Por Toni G. Atkins
California’s housing crisis is plunging families and individuals into poverty, threatening our children’s futures, splitting up families, making it difficult for businesses to attract and retain talent, and burdening our economy. Housing instability sends ripples throughout all facets of our society, affecting education, physical and mental health, transportation, and climate action.
I recognized this growing problem more than 20 years ago while working as a policy aide at the city level and began working to strengthen San Diego’s affordable-housing efforts after being elected to the City Council.
The governor and the Legislature gave the issue the sense of urgency it demanded in 2017, when we passed a package of 15 bills that addressed the crisis with a mix of regulatory reform and revenue measures, including my Senate Bill 2, which created a permanent source of funding for affordable housing.
In 2018, we followed up with additional measures to remove barriers in the way of housing construction, as well as significant budget funding for communities throughout the state to combat homelessness.
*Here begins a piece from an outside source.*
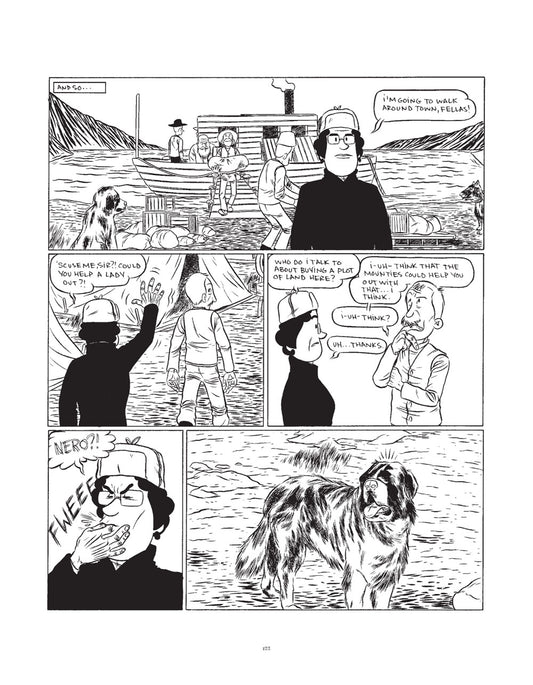 The Klondike Page 122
That funding has begun making its way to projects and programs in the San Diego region aimed at connecting homeless residents with housing and preventing those at risk from falling into homelessness.
This year, we continued our progress with additional regulatory reform, protections against unreasonable evictions and exorbitant rent increases, and another $2.5 billion to address homelessness and housing instability, the largest such direct investment in state history.
But even before 2017, the state was increasing its investments in targeted housing programs that have resulted in thousands of new affordable homes.
Since 2015, the Affordable Housing and Sustainable Communities program that I was proud to champion as Assembly speaker has used proceeds from our innovative cap and trade system to create more than 9,000 affordable homes near transit, including more than 1,000 in San Diego. The latest project in San Diego to receive such funding is one at 13th and Broadway in East Village that will provide 273 apartments with supportive services for people experiencing homelessness.
And thanks to the voters who passed Proposition 41 in 2014, the Veterans Housing and Homelessness Program (VHHP) has funded nearly 2,600 new homes for struggling veterans, including 323 in San Diego County. A great VHHP-funded project is Zephyr Apartments in Grantville, which opened earlier this year, providing 84 homes with supportive services and close access to the trolley.
Going forward, these are the kinds of results I’ll be looking for as our more recently passed measures are implemented, and I’ll be monitoring them closely to ensure that they are effective.
At the same time, I will be intimately involved in efforts to stimulate the production of the new middle- and lower-income housing that is so desperately needed along our transit corridors and near job centers, making sure that residents in potentially affected communities are key participants in the conversation.